Turns out he was fresh out of military service, and had lived at home before that and never helped his mom in the kitchen. He'd just never had a chance to learn about egg-cracking. Maybe it's a guy thing. But he was much better company after that.

German-bashing aside, I had a very nice German housemate when I first moved to San Francisco, and my sister was married to a German who had his good points, like punctuality, and who loved to cook. So you really can't make generalities. But that doesn't stop me from doing it anyway.

Life at the ZC is going well. Actually, it sortof feels like 4 lives: work, personal, career development, and Zen-ification. I return to UC Berkeley next week. I got my website up, with help. I started back at the career transition place, and remet some of my fellow Sun ex-coworkers in a class on interviewing. We were videotaped answering typical interview questions -- just the sort of thing I used to do to executives preparing for press and analyst tours. Interesting to be on the other side of the camera, for a change.

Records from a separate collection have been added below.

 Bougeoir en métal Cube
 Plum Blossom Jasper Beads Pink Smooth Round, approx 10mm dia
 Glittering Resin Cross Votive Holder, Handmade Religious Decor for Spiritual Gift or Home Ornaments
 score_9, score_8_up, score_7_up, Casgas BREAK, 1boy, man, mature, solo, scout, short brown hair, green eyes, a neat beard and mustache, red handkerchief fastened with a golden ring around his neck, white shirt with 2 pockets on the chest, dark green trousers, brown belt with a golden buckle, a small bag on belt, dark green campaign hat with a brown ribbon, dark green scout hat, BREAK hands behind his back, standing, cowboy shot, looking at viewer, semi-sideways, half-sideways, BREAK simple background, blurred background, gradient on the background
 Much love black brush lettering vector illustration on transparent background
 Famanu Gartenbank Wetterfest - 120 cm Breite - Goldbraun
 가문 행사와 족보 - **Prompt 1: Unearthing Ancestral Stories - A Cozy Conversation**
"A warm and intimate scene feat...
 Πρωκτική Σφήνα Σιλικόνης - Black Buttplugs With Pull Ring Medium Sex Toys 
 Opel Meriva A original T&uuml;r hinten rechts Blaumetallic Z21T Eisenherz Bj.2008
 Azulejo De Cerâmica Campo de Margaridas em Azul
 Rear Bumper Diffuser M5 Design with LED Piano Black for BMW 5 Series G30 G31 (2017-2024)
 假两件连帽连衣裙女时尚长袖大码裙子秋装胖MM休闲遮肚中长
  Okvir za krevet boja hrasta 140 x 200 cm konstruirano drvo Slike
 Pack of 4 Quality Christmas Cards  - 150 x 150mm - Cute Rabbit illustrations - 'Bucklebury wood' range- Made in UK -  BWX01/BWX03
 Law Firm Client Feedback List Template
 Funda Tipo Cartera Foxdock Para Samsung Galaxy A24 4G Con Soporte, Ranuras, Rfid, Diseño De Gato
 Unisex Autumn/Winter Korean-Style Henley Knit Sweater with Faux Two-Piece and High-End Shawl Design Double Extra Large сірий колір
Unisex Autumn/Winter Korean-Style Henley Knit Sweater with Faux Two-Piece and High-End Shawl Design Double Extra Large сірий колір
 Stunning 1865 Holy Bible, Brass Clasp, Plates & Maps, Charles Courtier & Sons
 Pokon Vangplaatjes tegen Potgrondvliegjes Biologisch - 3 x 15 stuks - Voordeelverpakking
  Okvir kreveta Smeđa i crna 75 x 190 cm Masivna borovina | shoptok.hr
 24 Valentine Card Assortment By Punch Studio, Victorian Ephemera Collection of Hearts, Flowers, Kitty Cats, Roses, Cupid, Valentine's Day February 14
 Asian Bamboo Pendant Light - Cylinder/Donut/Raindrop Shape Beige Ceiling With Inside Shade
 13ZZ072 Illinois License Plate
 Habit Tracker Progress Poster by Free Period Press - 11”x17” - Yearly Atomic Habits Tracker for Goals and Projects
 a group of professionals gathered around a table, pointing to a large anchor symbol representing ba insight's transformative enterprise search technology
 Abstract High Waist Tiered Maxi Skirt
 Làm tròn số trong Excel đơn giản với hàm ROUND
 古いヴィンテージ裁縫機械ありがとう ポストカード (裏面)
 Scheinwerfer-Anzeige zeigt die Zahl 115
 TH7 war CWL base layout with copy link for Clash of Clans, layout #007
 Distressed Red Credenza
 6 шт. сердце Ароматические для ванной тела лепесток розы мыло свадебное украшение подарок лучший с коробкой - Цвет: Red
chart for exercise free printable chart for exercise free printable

A friend came to town; his dad had a stent put into a major artery near his kidney yesterday morning. He's doing fine, but the doctor said he'd had a better shot at longevity if he lost some weight. In this case, 50 pounds.

Now, 6 pounds was disruptive for me. My pants didn't fit. I feared muscle wasting. I hoarded Newman's Os. I gained it back. But 50? I can't imagine it. What you would eat? How would you adapt? I've heard hypnotherapy can be helpful, to get you through the shock of the change. Aye.

In my Zen life, I have study, meditation, comraderie, and a delightful stint doing bag lunch prep on Tuesday nights with a sweet Michiganer named Mary who always wears a hat that covers her ears. It is cold here, and it's been raining. I also have a few people that I'm having difficulty with, mainly because I don't like them and who knew? They picked up on that. To use a Buddhist phrase, it gives me a lot to work with.

In my work life, I wrote an article this week for a new client in NY who's launching a website. I'm also slated to start next week with a super groovy consultancy here in SF that does executive leadership training; I'll ghostwrite the consultants' blogs. I got great feedback in my class yesterday, both about my presentation skills and also the quality of my feedback to the others in the group, so I'm considering restarting that business, and hanging out a shingle as a media trainer. I'll let you know how it goes.